Launch Safari and open any web page. Tap on the Share Sheet button and then tap Add Bookmark. Tap on Save to create the Bookmark. Next, tap on the Bookmarks icon on the top left of Safari. Tap Edit on the bottom of the Bookmarks panel, then tap on the Bookmark you just created. Name the Bookmark “Open in Chrome”. Copy and paste the following code into the address field and then tap Done on the keyboard:

javascript:location.href=%22googlechrome%22+location.href.substring(4);

Tap Done at the bottom of the Bookmarks panel. You can now open any Safari window in Chrome, simply by tapping the Bookmarks button and then tapping the “Open in Chrome” Bookmark. It’s a great way to bypass Safari when a stock Apple app opens something in its default browser.

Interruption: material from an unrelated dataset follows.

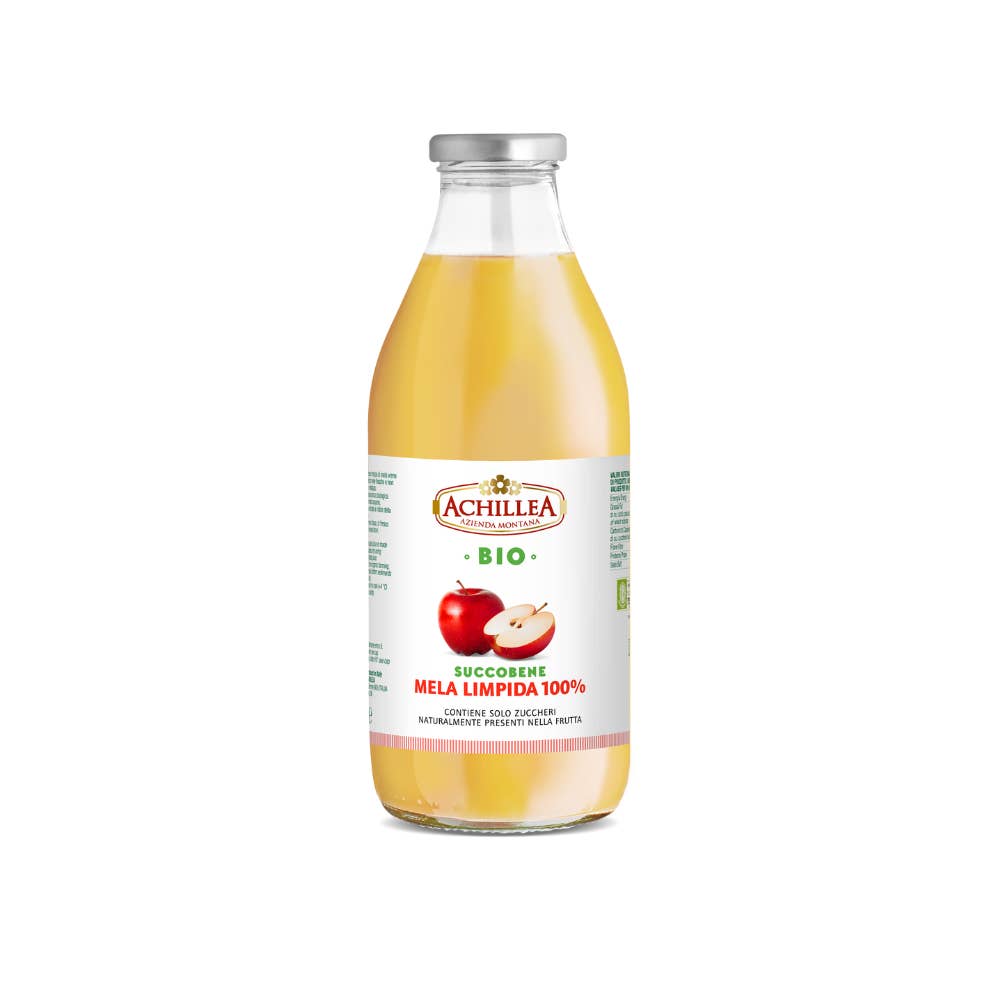 Achillea - Wholesale Fruit Juice - Succobene Clear Apple Juice 100% Organic - 750ml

Apple Needs to Embrace the Open Web

As you can see, Apple’s business practices have clearly impacted the overall quality of iOS. I like Apple devices. I think they make the best devices. Unfortunately, users have to put up with some annoyances, mainly due to competition. iOS would only improve if they allowed third parties to access some of their proprietary APIs, such as the ability to create Home Screen icons. Your iPhone and iPad would also be much better if Apple allowed third-party web rendering engines, such as Google’s Chromium. WebKit is woefully inadequate and unstable. I use Chrome on my Mac and on my iOS devices. Unfortunately, Chrome for iOS is really just Safari with a different skin. I do prefer Chrome’s features and find it to be slightly more stable than Safari. If Google could port their Chromium engine to iOS, it would be even better.